As written and without pictures, set down the lines from the one that contains "NİKE SNEAKER" through the end of the data.

→ **Recorded information**
= = = = = = =
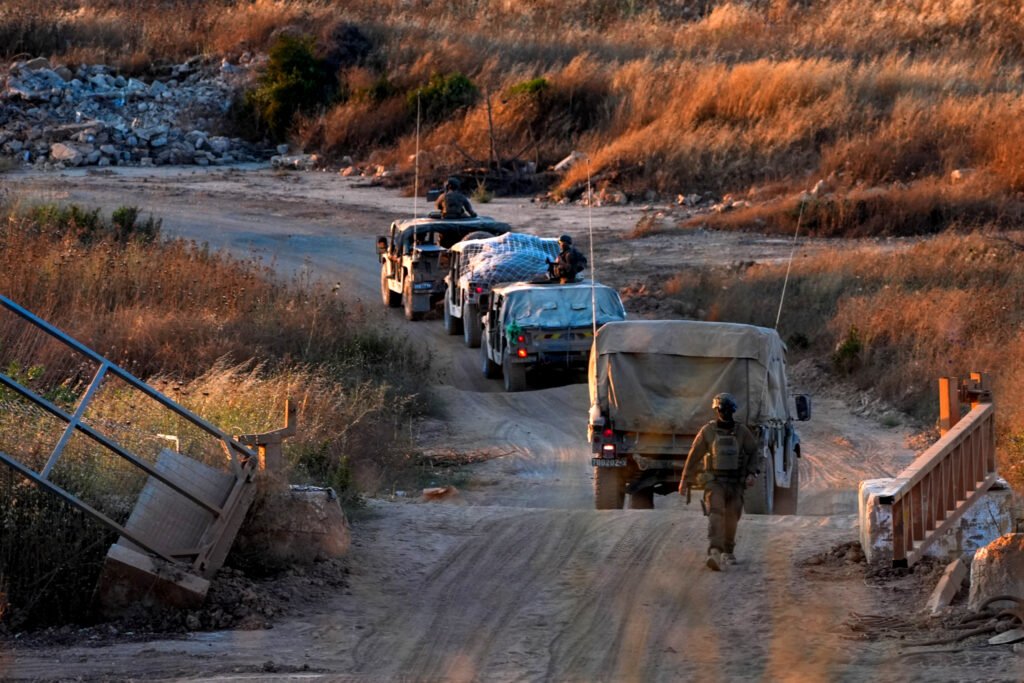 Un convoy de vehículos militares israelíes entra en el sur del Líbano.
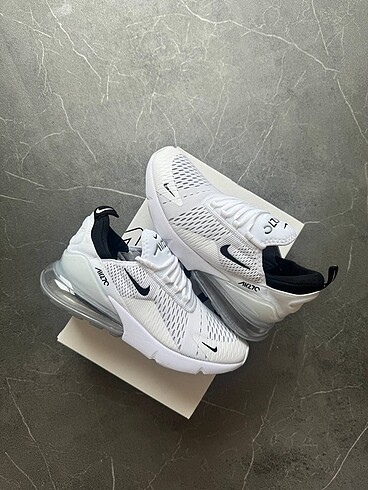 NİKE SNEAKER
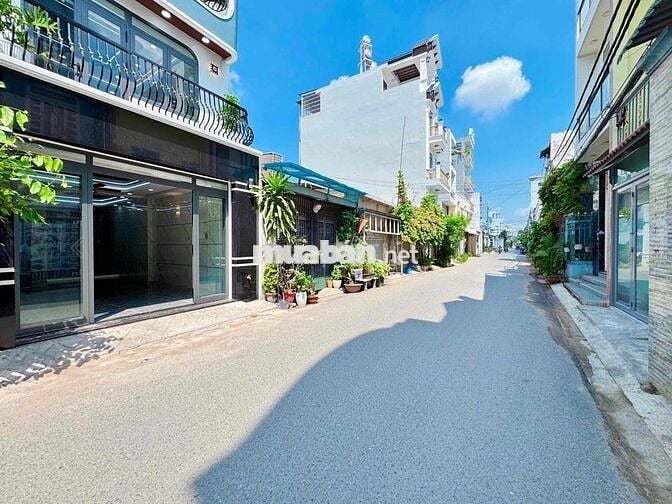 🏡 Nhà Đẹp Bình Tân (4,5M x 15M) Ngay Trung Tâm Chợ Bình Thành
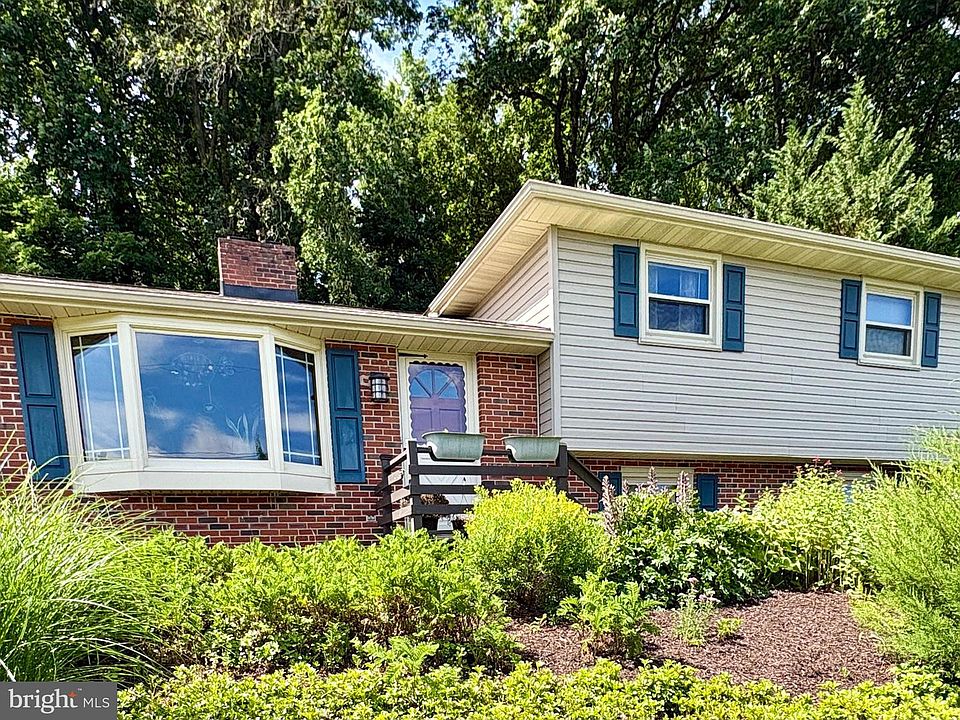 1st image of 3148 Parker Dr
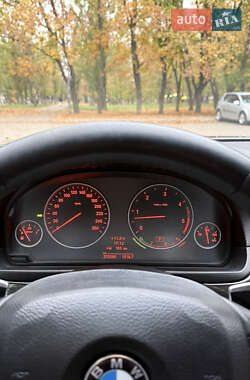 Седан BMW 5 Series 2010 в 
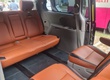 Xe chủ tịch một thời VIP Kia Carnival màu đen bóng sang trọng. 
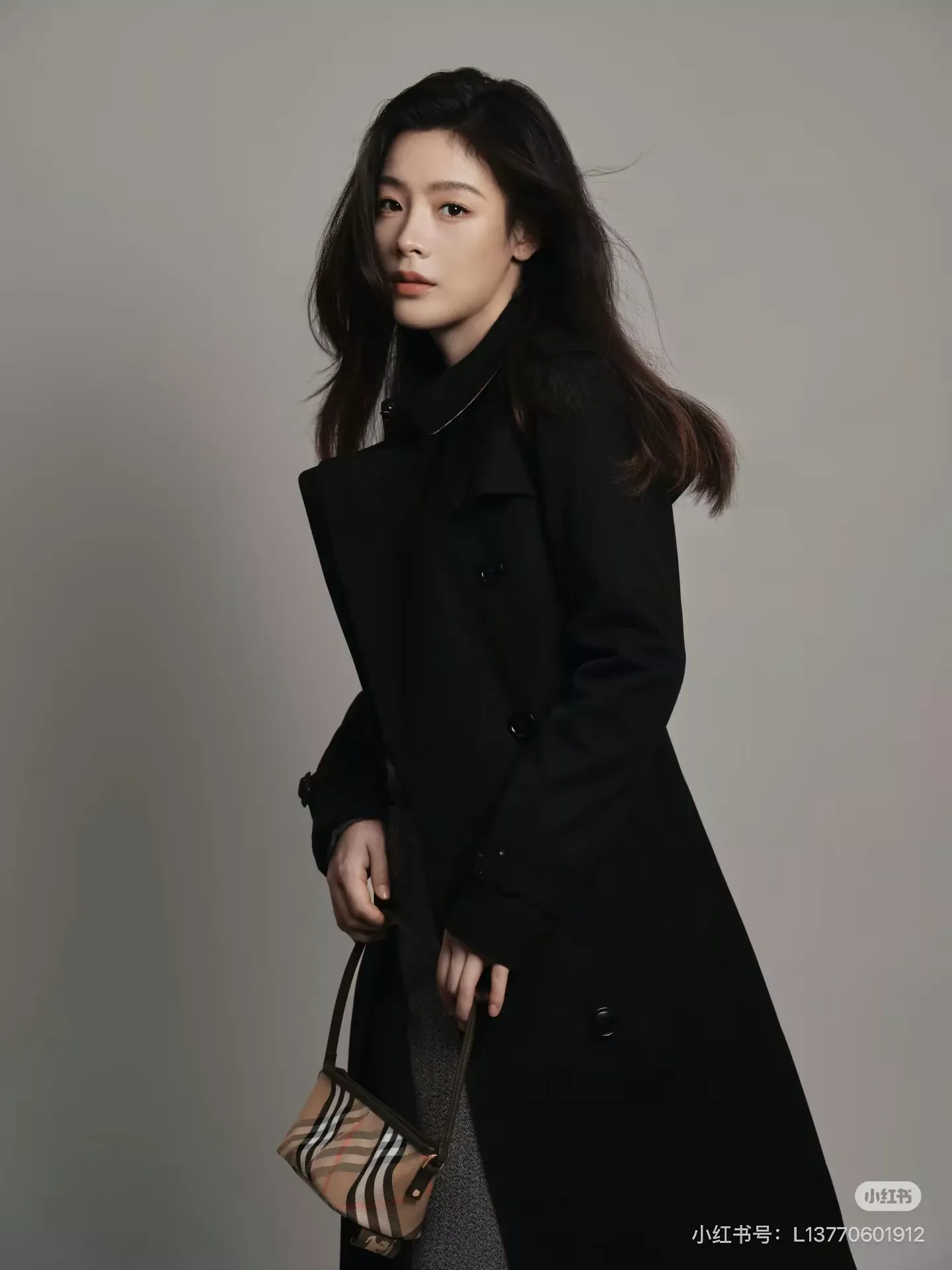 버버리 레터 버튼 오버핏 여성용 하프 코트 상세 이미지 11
= = = = = = =
→ **Solution for this exercise**
 NİKE SNEAKER
 🏡 Nhà Đẹp Bình Tân (4,5M x 15M) Ngay Trung Tâm Chợ Bình Thành
 1st image of 3148 Parker Dr
 Седан BMW 5 Series 2010 в 
 Xe chủ tịch một thời VIP Kia Carnival màu đen bóng sang trọng. 
 버버리 레터 버튼 오버핏 여성용 하프 코트 상세 이미지 11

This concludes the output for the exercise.